He Said/She Said
Is It A Friendship Or Relationship?
By Sean McConnor and Winter Kelly
May 1, 2003 - 7:43:00 PM

Jenna Skarzenski / Canyon News
LOS ANGELES Derek works in an office with Rachel. After developing a buddy-work relationship, Derek asked Rachel out to a Saturday lunch. Rachel accepted. The two had a great date. Later, Derek finds out that Rachel has a boyfriend. Derek is furious as his values are such that he will not date a girl that has a boyfriend or is married. Rachel wants to continue their relationship, but Derek refuses. Should Derek ignore his lifetime values to be friends with Rachel, even though she has a boyfriend?



by Sean McConnor

There is an ancient saying that goes way back ("Crossing the Rubicon") to ancient Rome. Once you cross this river, there is no turning back. Maybe this applies to relationships between people.

Derek obviously thinks a lot of Rachel. His pride is hurt because he became attracted to her as a friend and maybe thought they could be more. You know, movies, eating out and hanging out together. When she told him, she had the (dreaded word) 'boyfriend' his world must have collapsed.

Rachel, on the other hand, wants to remain friends with Derek. Obviously, she likes him or she would have terminated the relationship after the blow-up when he learned about her "boy". That is her prerogative because women do control the pace and type of relationships we men get into whether we like it or not. Sorry, guys, in this field, we do not have the control.

Okay. Derek likes being around Rachel just to talk with her. Seeing her must be exhilarating for him, but he is still angry. Nonetheless, he has to understand things may remain in the "friendship" mode indefinitely. Can he handle that? Only Derek's heart can answer.

Meanwhile, maybe he should just do what airplanes do when they cannot land and have to wait for clearance; they circle around and around, until they get the decision on the ground to land. Derek needs to chill out and see where his heart takes him before he "lands" (makes a decision). If Rachel is what he believes, he might be losing a gem and we know gems are hard to find.


by Winter Brooks

Boy + Girl = monogamous relationship? No, it does not.

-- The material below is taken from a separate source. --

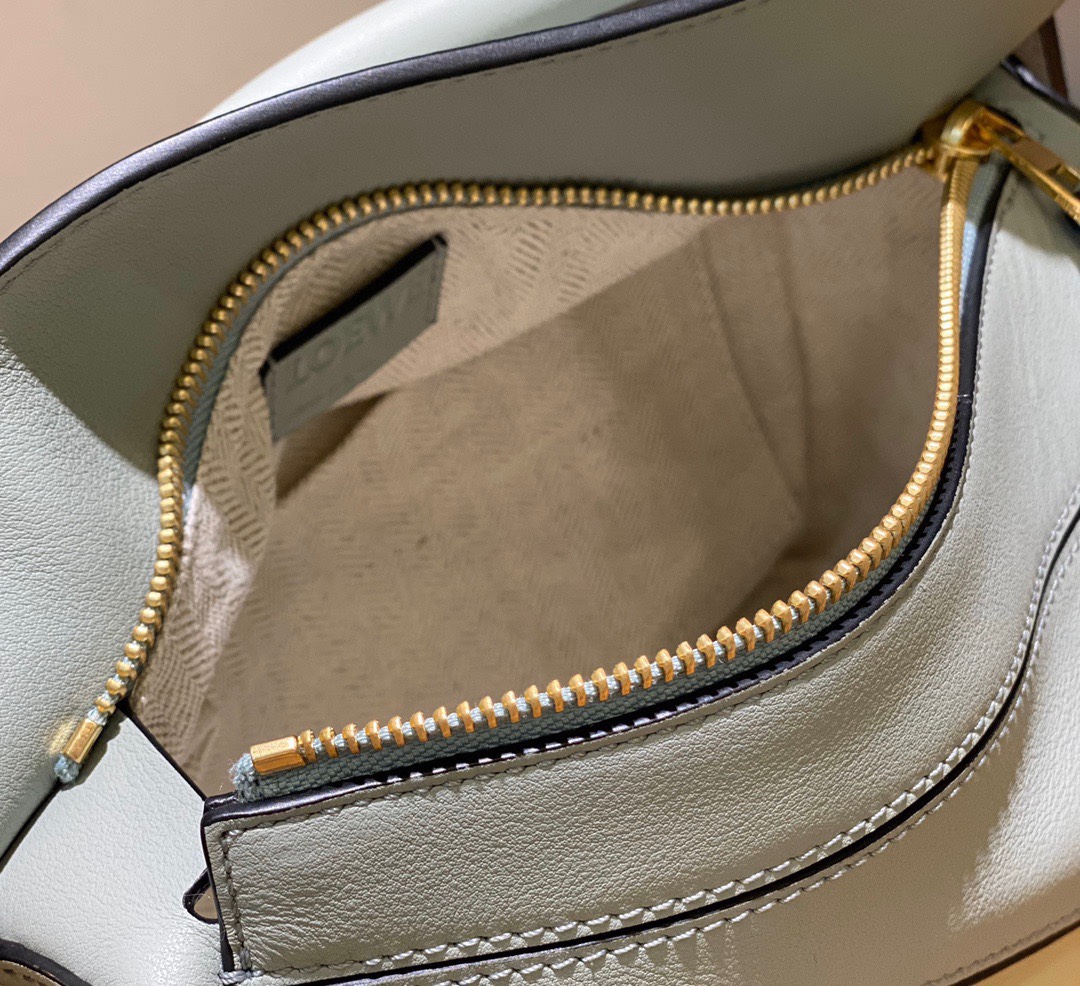 Loewe Puzzle Small Bag-24*10*14CM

We have so many people jumping into bed too soon, jumping into marriage too soon, and then endlessly jumping into divorce court too soon! Hence, we have a problem. When is society going to accept the concept that friendship can be sexless? Would Derek mind if Rachel were a guy with a girlfriend? Would he stop going out as friends to the movies or to lunch because he had a girlfriend? Does it make any difference that Rachel is a girl and Derek likes Rachel? What if Rachel were a lesbian? She might not even like guys romantically. So why would Derek just assume that Rachel was only going out with him for a romantic rendezvous?

So Derek has a crush on Rachel. OK, that happens. But is one going to deny him or herself the experience of a friendship because that person is unavailable romantically?

I get so annoyed when people continuously ask me if my male friends are more than platonic friends. They smirk and smile and often say, "Suurrrrrrrrrrrrrrrrrre it's platonic" even though it is! I love people, both male and female, and I have no romantic interest in about 99 percent of my male friends. Just because I can go to the movies, have dinner, hang out and hold hands with a person does not mean that I am in love with them or anywhere near the thought of a relationship-commitment.

Oh, and it is real classic to have someone I am trying to be friends with, assume we are together. The way two people get together is communication, not just hanging out and chilling on a Friday or Saturday night. It is when one person says to the other person, "I like you more than a friend, let's get together." That simple sentence can do miracles. Until I hear that first hand, I never assume I am with any guy or that any guy likes me more than just a buddy to hang with.

If Derek terminates his buddy-like relationship with Rachel, then he obviously is one that denies himself the real meaning of life: to experience, feel, share, and love one another. Surely, one person cannot fulfill all your interpersonal needs.